Der Kehlkopf ist das Hervorkommen, eigentlich das Hervorkommenlassen, ja, dazu ist er da, er läßt das heraus,
was eingesperrt werden sollte, die Stimme, in einer Sprache, die jemand, irgendjemand verstehen muß, ja, muß!,
sonst ist sie keine Sprache, und dann ist die Stimme zu nichts nütze, also nur heraus, Sprache! Aus dem
ständigen Sichverschließen: heraus und hinaus! Das Schützende muß verlassen werden, und schon läuft es dem
Schützen vor die Flinte. Man muß aus der Deckung getrieben werden, ist man Stimme, und brauchte man dazu ein Gerät,
das wie die Treiber auf den Busch klopft, um die Stimme von ihrer Heimat, der Kehle, zu trennen und hinauszuscheuchen.
Sie muß zu etwas gezwungen werden, diese Stimme, was sie ohndies gerne tut. Das ist die größte Anstrengung: Etwas zu tun,
das erlaubt ist und doch wesenhaft von der Welt getrennt. Das bahnt sich jetzt seinen Weg, bevor es ganz weg ist.
aus: Elfriede Jelinek: Ungeduldetes, ungeduldiges Sichverschließen (ach, Stimme!). Zu Valie Exports Performancefilm „I turn over the pictures of my voice in my head“ , 2008.
http:// www.elfriedejelinek.com/fvaliest.html (7.10.2019), datiert mit 22.2.2009 (= Elfriede Jelineks Website, Rubriken: Archiv 2009, zur Kunst).
Über
VALIE EXPORTs
Intention, den Ursprung der Stimme sichtbar zu machen.
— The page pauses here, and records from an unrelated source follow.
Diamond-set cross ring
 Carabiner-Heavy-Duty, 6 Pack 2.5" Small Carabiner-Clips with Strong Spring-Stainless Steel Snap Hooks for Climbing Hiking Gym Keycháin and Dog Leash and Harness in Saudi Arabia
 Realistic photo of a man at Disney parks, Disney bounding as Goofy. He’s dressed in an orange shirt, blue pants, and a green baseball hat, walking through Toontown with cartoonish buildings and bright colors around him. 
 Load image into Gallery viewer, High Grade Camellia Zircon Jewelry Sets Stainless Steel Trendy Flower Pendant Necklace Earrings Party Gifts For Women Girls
Die
Frau
sei die Verborgene, die Ungehörte, die Verschwindende. Die Stimme der Frau müsse verschwinden, weil es unerwünscht sei, dass sie gehört wird. Für
Claudia Müllers
Dokumentation Valie Export – Ikone und Rebellin aus Anlass von VALIE EXPORTS 75. Geburtstag (
Erstsendung: ORF 2, 18.5.2015
) las Jelinek Passagen aus dem Essay ein.